Y descansó del terror que había vivido.
Modesta, no
podía con su pena. Su hombre la trataba de consolar diciendo que pronto
volvería y si no, buscaría un varón que viniera a remplazar la niña. Pero no
tenía ese dolor que ella sentía. Apenas dormía, por lo que Demetrio ingresó a
la casa y comenzó a comer en la cocina y a disfrutar de los guisos y pucheros. ¡La
miraba de reojo, para ver si ella tenía alguna duda sobre él! Pero la pobre
mujer no tenía esa picardía de los malvados.
Todas las
noches dejaba una luz encendida. Él, en cuanto ella se dormía la apagaba. ¡No
hay que gastar en cosas inútiles!, pensaba. Su lecho estaba cerca de la ventana
que daba al salón donde se ubicaba la antigua cuna.
Pasadas
unas semanas, una noche de tormenta, Demetrio despertó con el suave roce de una
mano. Encendió una candela. No había nadie, y se acercó al lecho de Modesta.

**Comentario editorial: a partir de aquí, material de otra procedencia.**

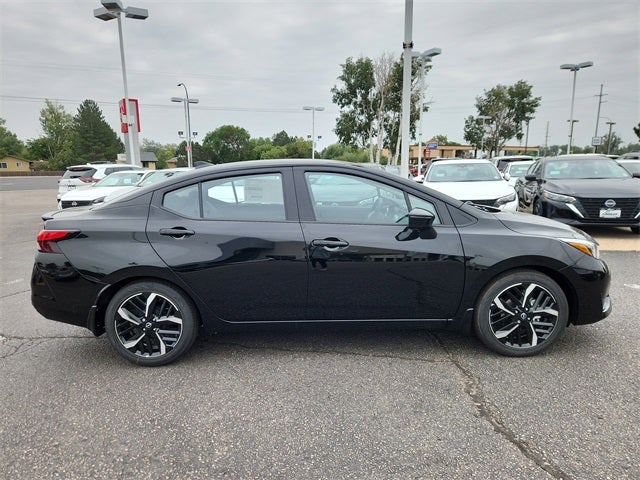 2025 Nissan Versa SR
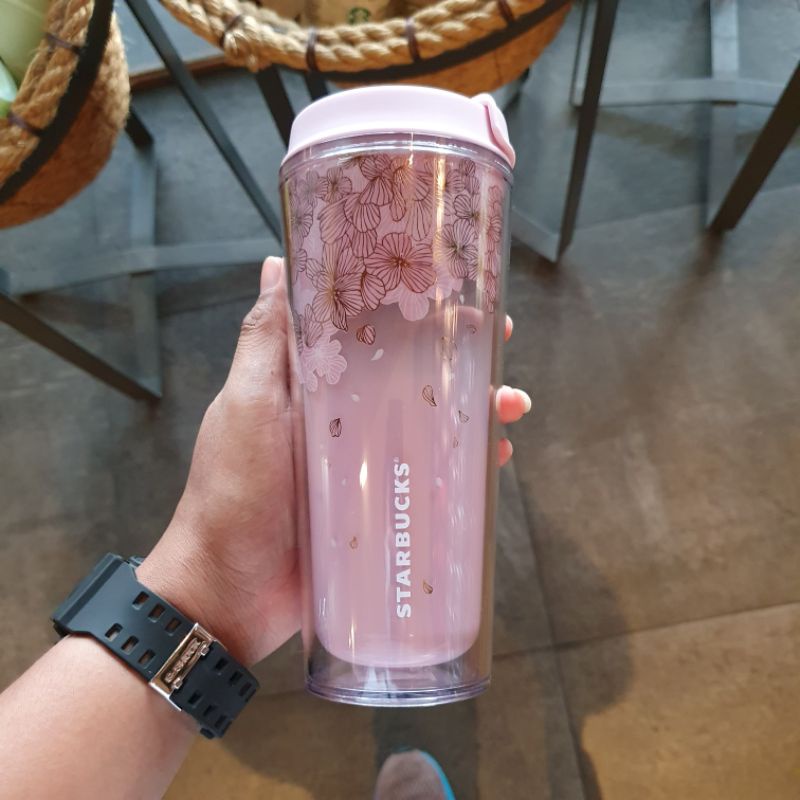 Tumbler Starbucks Dream of Spring Tall Acy 2022
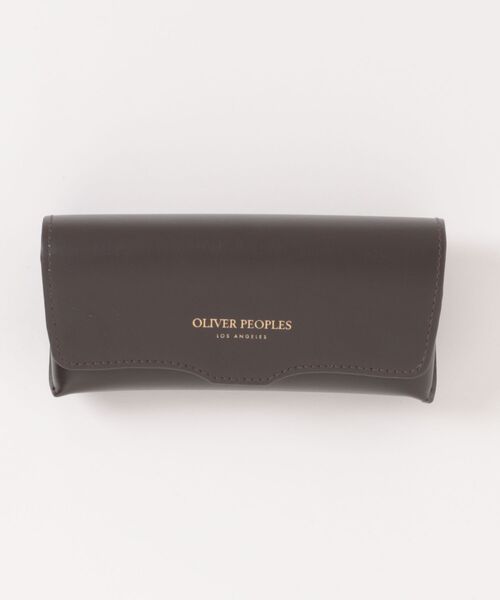 OLIVER PEOPLES（オリバーピープルズ）の「【OLIVER PEOPLES/オリバーピープルズ】スクエア 偏光サングラス OV1150S 5036P2 CLIFTON（サングラス・メンズ・シルバー・FREE）」の4枚目の写真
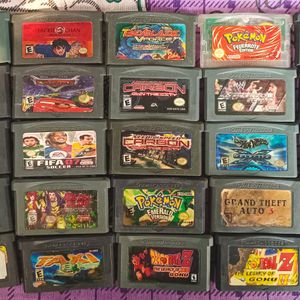 Gameboy Advance Game Pack Of 25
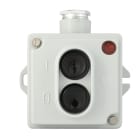 SELCAST - KYTKIN L. IP44 VAIHTO 1xPK16 - 513 162 / Harmaa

Nada. Ella dormía con una manta de la niña entre sus manos. Él se sonrió. ¡So
tonta! Si supieras… y regresó a su lecho. Al amanecer el silencio de los
pájaros lo dejó asombrado. El sol envolvía los árboles con una luz rojiza y una
persistente niebla se acodaba en la zona donde había quedado la niña. Salió a
buscar las herramientas, cuando escuchó el ruido de los carros que traían a los
cosechadores de cerezas.
Una sonrisa
amplia le surcó la cara. Llegaban con la algarabía de la esperanza, una buena
paga. Miró y remiró a las mozas que bajaban riendo y tomaban sus cestas con
chanzas y canciones. Se restregó las manos. ¡Hoy será mi día!
Cuando se
acercaba a una, salían dos o tres y la rodeaban. Le llamó la atención. ¿Qué les
sucede? Acaso presienten o saben. Mientras camina por los cuadros de los
cerezos, siente una mano suave que le toca la espalda. Se vuelve y no hay
nadie. Una y otra vez, comienza a sentir muy pesados los brazos. Atrapa a una
joven, al mirar su cara, es de un mozo de más de cuarenta años, que lo mira
extrañado. Se confunde. ¡Perdón! Y camina. Tropieza, se cae y dos guapos lo
ayudan mirándole a la cara.
Ve a las
mozas que ríen y busca tocarlas, pero les cambia el rostro tan pronto se les
acerca. Son muchachos de la edad de Deyanira. Y se mofan. Corre hacia la casa.
Se interpone su perro y cae en el cieno. Desfigurado el rostro, parece un
demonio. Lo rodean las cosechadoras cuyas carcajadas, le impiden moverse.
Miedo. Terror. Horror.
Entra a
esconderse en la casa. Modesta lo mira y le pregunta muy seria: ¿Qué tienes
marido? Y en ella ve a la niña y siente su mano sobre la espalda, suave la voz
que le nombra: ¡Padre! ¡Demetrio! ¿Qué hiciste conmigo? ¡Es el espíritu de
Deyanira que bajo la suave luz se precipita como el ala de un ángel vengador!
Él, huye
hacia el huerto y cae. ¡Ese rumor que en nuestra alcoba, escasa de luz… que
apagas cada noche, se escucha la voz de un espíritu, que pasa agitando sus alas
en la sombra! Modesta se acerca y le murmura al oído, todo lo que sabe.